Sellers Are Getting Nervous Too
Here’s the thing that doesn’t show up in the headline numbers: sellers are starting to panic-freeze too. In the CNBC survey, 37% of agents said time on market was their sellers’ biggest concern — up from 30% last quarter. And two Boston-area sellers who had planned to list in May have already pushed back to fall, according to one agent quoted in the survey.
That’s a meaningful behavioral shift. Sellers who delay listing don’t just disappear from the market temporarily. They create a feedback loop: fewer listings means fewer choices for buyers, which means fewer transactions, which means fewer data points to price against, which makes everyone more uncertain. Inventory stays tight. Prices stay sticky. The market seizes up without dramatically falling — the worst of all worlds.
More than half of agents reported at least one contract cancellation in Q1. Thirty-one percent said listings were sitting for more than six weeks, up from 26% the prior quarter. These aren’t dramatic numbers on their own. Stacked together, they’re a market quietly losing its footing.
Las Vegas, Austin, Boston — Same Story
What’s striking about this survey is the geographic spread. An agent in Las Vegas said buyers are frightened about gas prices and job security. An agent in Austin said fence-sitters who were close to buying are now leaning toward walking away entirely. The Boston agent described sellers voluntarily pulling back from the spring market.
These are very different housing markets — different price points, different local economies, different inventory dynamics. The fact that all three are reporting the same underlying anxiety suggests this isn’t a local story. It’s a national one, driven by a macro force that nobody in housing had priced in six months ago.
To be fair, the picture isn’t uniformly dark. Fewer agents reported price cuts compared to Q4, and fewer had to pull listings entirely. A narrow majority — just over half — still expect the market to improve as spring continues. That’s down dramatically from end-of-year optimism, but it’s not a full-blown collapse view.
The Affordability Trap Tightened
What the Iran conflict did — maybe more than anything else — is snap shut a window that was finally starting to open. Affordability had been improving slowly throughout 2025. Rates were drifting lower. Wage growth was holding. There was a real case that 2026 would be the year the housing market turned the corner.
Instead, 19% of agents say affordability is causing buyers to exit the market entirely — nearly double the 11% who said the same in Q4. That’s a meaningful share of demand that isn’t just delayed; it’s gone. Some of those buyers will rent another year. Some will just stay put. Some will stop looking altogether.

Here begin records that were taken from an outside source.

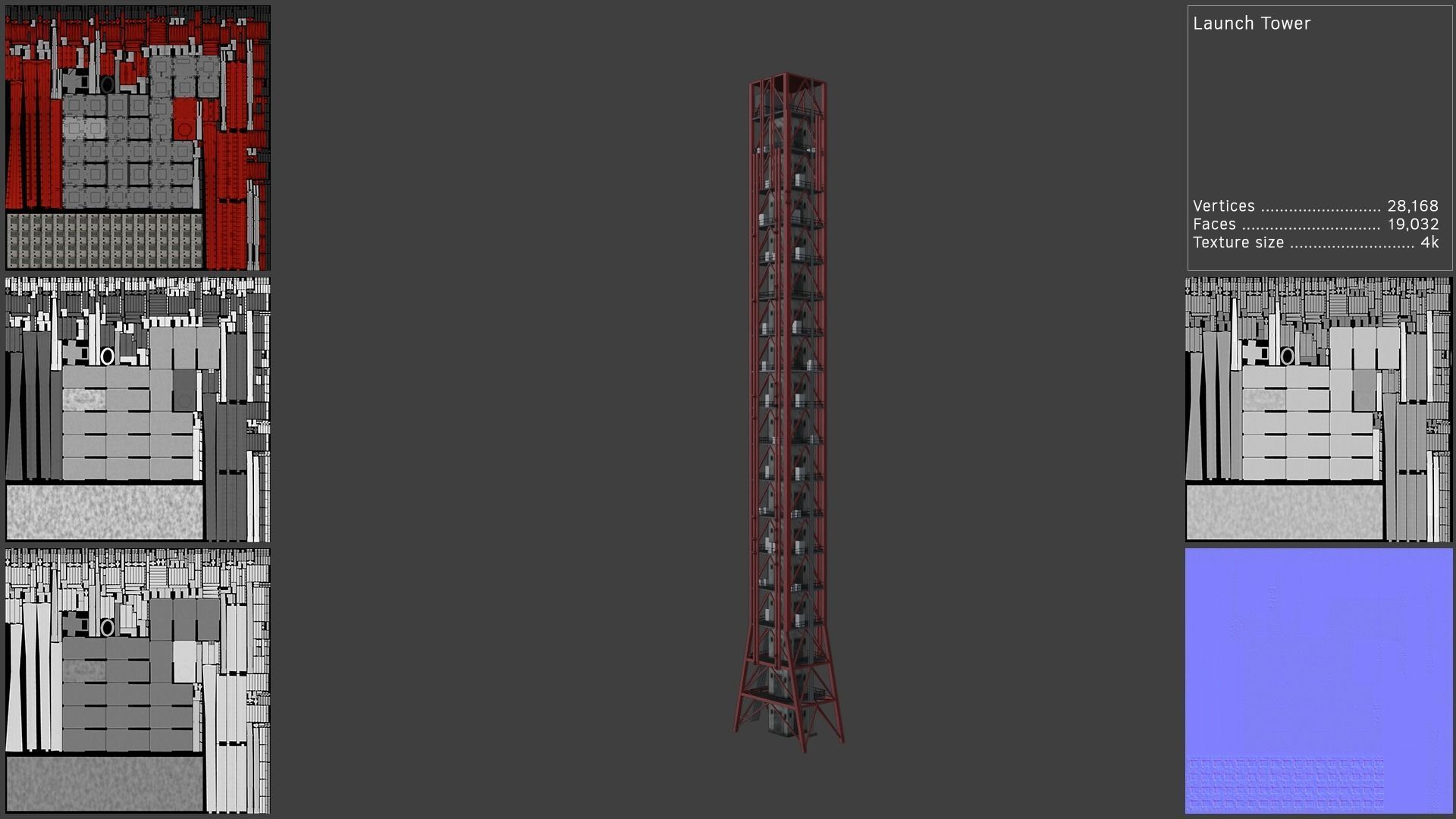 Saturn V Launch Vehicle with Apollo Spacecraft and Launch Tower 3D model_12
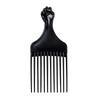 1 PIEZA Peine Insert Black Afro Peine de Plástico Dientes Anchos Púa Horquilla Peine Salón Profesional Herramienta de Peinado Africano Hombres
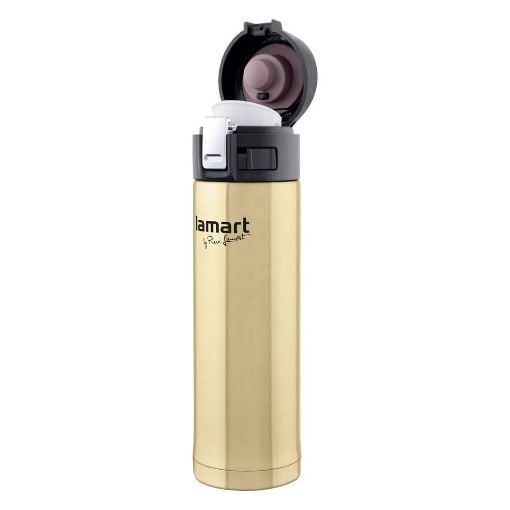 Εικόνα της Μπουκάλι Θερμός Lamart Branche Vacuum 420ml Χρυσό LT4009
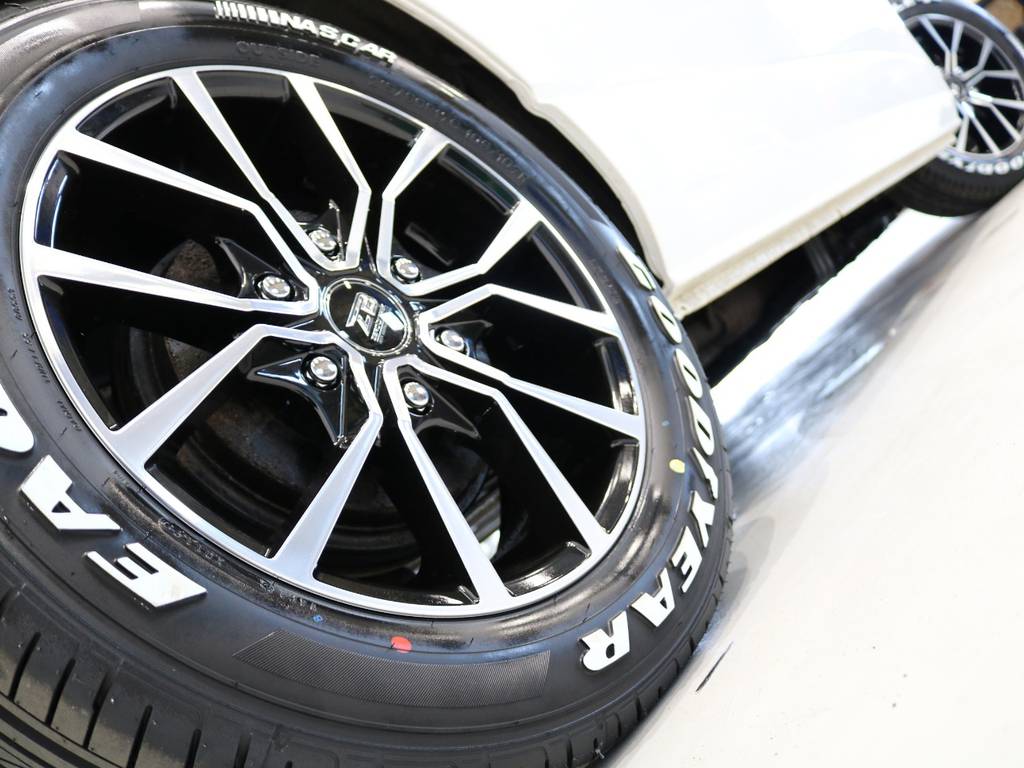 ゼロブレイクフォースアルミ17inとGOODYEARナスカータイヤ17inの組み合わせ！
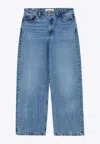 Skall Studio Willow Wide-leg Washed Jeans In Blue
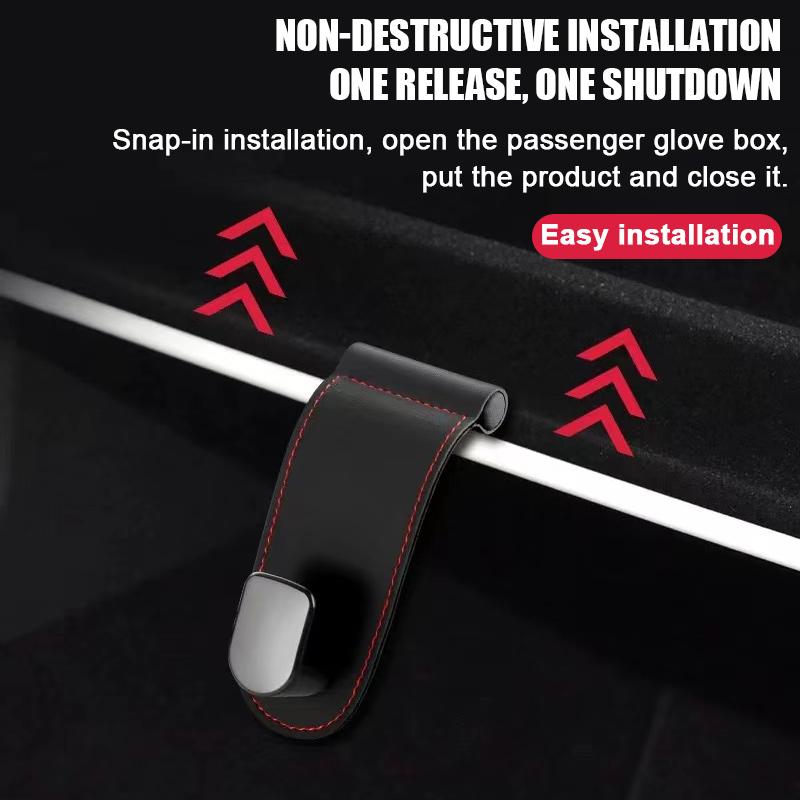 SEAMETAL Car Passenger Glove Box Hook Double Hook Purse Bag Hanger Hidden Storage Hooks Auto Interior Accessories
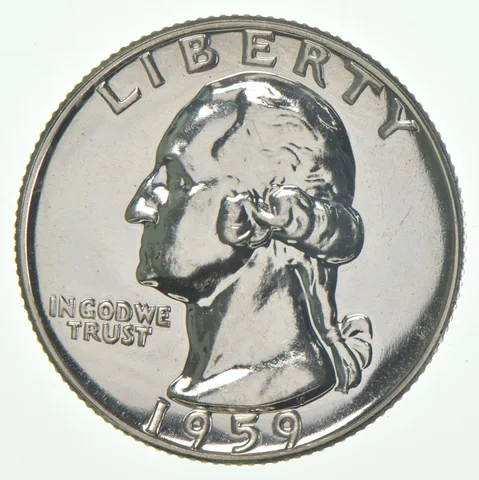 1959 Proof Washington Quarter 90% Silver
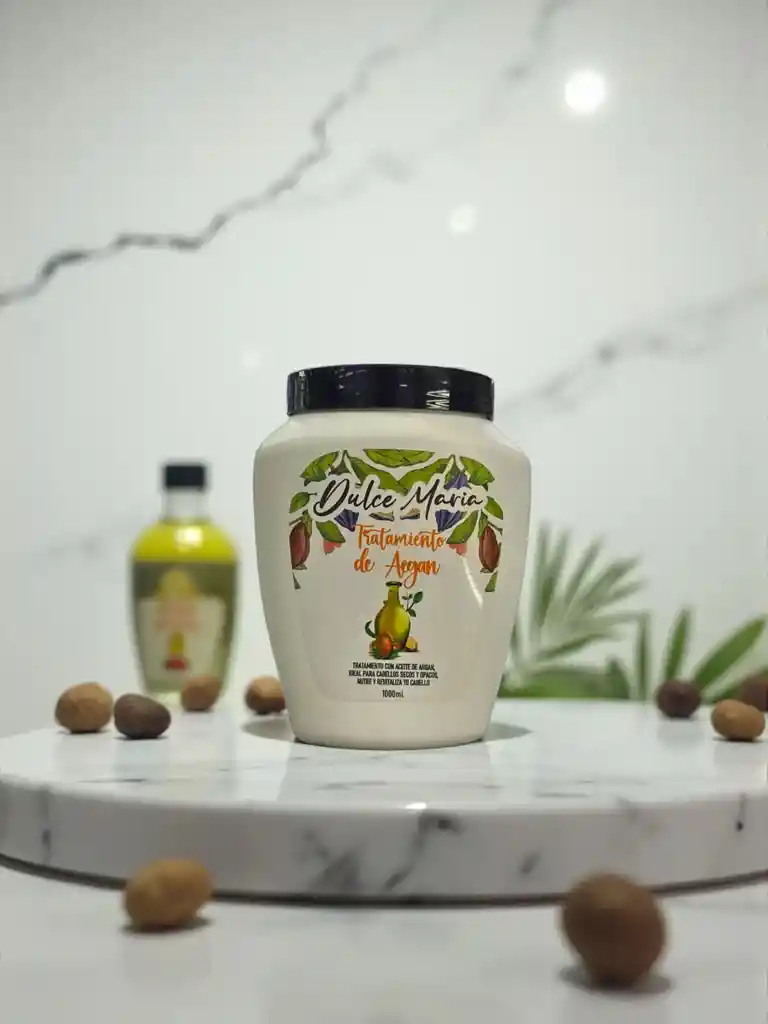 Tratamiento Capilar Dulce María Argán 1000 Ml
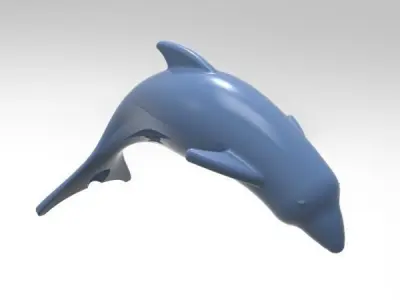dolphin 3D model Free 3D print model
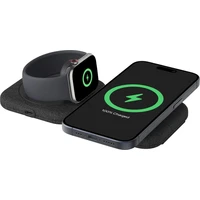 Belkin BOOST CHARGE™ PRE Qi2 15W 2v1 Bezdrôtová MagSafe cestovná podložka pre iPhone/Apple Watch/Air - Nabíjačky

The housing market is notoriously slow to react to shocks. Unlike stocks, you can’t sell a house in seconds. That lag can make things look stable right up until they aren’t. The agents on the ground, the ones sitting across the table from actual buyers and sellers every day, are already telling you what the data will confirm in a few months.
What to Watch
The Tuesday deadline for Iran to reopen the Strait of Hormuz looms large — not just for oil markets, but for housing. A credible ceasefire or even a partial reopening of the strait would likely bring rates down meaningfully within weeks. Buyers who’ve been sitting on the sidelines might come rushing back. The spring selling season could get a late start but still function.
But if the conflict drags — and the peace talks remain, in the words of one analyst, “narrow and unlikely” — the spring window closes for good. The housing market would then be looking at a lost season, with sellers potentially re-entering in fall against a backdrop of continued rate pressure and fragile consumer sentiment.
The Strait of Hormuz is 21 miles wide at its narrowest point. Right now, it’s the bottleneck for the entire U.S. housing market too.
Disclosure: This article is for informational purposes only and is not investment advice.